The twin grand jury decisions not to indict police officers for the deaths of Mike Brown and Eric Garner roiled the city in November and December. Against this backdrop I began production on my first feature film, a lifelong dream. But if filmmaking is the act of creating a dream world, then raising one’s own voice amid a chorus/cacophony of others in protest felt both more real than anything else, and movie-like.
The footage above is from a protest that took place two weeks before we began shooting. Climbing the barrier to the FDR, stopping traffic both ways, then proceeding to “take” the Brooklyn bridge was surreal — the car horns blaring (some in support, some in opposition) were felt as much as heard. I took the top photo after a long week of production. Having missed a major protest in the city while filming that day, I was content to begin a weekend of relaxation. But from the apartment we heard helicopters, then distant chants. One branch of the march had reached our neighborhood and, well, history waits for no one.

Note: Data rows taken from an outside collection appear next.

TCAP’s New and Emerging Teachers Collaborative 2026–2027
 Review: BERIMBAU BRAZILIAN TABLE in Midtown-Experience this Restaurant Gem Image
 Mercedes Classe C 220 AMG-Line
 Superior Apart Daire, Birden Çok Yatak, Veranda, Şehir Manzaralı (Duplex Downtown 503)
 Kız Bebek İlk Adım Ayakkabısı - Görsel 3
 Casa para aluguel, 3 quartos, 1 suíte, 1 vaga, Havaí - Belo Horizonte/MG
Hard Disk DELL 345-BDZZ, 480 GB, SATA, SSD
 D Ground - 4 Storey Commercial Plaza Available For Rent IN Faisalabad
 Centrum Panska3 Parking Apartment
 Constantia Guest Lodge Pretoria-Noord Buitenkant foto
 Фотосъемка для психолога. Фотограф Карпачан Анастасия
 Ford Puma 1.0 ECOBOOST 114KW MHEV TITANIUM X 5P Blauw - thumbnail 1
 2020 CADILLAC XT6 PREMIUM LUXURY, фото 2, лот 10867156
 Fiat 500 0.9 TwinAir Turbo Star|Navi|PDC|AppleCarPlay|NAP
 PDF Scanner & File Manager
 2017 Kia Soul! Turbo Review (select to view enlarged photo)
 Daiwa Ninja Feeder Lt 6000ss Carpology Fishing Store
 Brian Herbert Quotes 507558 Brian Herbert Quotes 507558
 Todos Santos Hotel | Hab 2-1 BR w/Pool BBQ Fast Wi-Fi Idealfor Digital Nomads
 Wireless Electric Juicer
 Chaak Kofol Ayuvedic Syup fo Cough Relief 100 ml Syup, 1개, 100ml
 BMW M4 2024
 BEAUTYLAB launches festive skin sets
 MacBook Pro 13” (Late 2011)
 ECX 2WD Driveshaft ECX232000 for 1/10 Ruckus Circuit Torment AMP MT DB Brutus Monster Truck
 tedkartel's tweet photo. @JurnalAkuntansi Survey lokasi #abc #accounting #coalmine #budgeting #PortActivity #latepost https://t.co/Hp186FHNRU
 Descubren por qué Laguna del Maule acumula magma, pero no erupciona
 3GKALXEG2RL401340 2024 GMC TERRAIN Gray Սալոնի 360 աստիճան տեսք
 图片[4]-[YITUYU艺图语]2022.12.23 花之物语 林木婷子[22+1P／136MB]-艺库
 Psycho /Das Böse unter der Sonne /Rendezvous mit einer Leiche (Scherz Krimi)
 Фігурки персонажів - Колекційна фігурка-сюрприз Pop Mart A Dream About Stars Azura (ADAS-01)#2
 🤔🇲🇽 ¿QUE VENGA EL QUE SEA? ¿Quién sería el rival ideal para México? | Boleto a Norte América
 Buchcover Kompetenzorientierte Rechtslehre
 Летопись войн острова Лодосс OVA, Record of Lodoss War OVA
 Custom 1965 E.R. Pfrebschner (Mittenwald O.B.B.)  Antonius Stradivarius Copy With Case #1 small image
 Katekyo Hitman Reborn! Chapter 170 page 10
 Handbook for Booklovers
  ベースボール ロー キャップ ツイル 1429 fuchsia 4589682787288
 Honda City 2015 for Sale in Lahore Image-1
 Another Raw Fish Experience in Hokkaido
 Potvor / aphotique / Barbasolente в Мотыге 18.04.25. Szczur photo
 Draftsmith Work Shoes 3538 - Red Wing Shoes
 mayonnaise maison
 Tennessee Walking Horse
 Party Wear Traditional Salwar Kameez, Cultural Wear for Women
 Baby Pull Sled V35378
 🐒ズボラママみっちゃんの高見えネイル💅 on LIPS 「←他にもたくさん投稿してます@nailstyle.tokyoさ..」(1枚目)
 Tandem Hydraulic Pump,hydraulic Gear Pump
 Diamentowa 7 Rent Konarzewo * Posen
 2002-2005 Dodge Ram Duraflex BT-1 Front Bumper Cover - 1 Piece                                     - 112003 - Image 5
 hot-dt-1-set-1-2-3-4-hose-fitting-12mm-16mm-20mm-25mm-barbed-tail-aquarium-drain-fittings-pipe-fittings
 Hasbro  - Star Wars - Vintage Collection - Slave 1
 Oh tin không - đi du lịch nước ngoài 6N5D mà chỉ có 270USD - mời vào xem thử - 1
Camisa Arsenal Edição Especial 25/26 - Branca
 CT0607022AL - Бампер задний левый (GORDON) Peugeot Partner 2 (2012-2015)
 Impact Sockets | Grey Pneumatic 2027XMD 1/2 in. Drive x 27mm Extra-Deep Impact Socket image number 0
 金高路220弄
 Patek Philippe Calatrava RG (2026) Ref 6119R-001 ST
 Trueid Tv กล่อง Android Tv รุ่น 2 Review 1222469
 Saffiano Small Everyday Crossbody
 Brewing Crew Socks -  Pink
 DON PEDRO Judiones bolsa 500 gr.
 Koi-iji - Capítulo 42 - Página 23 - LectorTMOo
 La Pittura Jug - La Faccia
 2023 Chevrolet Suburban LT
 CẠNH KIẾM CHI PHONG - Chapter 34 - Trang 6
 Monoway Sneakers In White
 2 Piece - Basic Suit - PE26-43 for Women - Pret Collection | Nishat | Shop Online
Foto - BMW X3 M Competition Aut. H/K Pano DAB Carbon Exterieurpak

The news that two NYPD officers had been killed in Brooklyn rippled through our film set another day — our location was not a ten minute drive from where it happened. Between takes small groups could be heard discussing the implications. But my mind was on the task at hand — we were filming a party scene that night, one of the most difficult on our schedule.
Our production finishes soon. It is a new year, but the jumble of emotions that is this moment in New York continues. The camera is one tool that sees both dreams and reality. I am learning to juggle the two.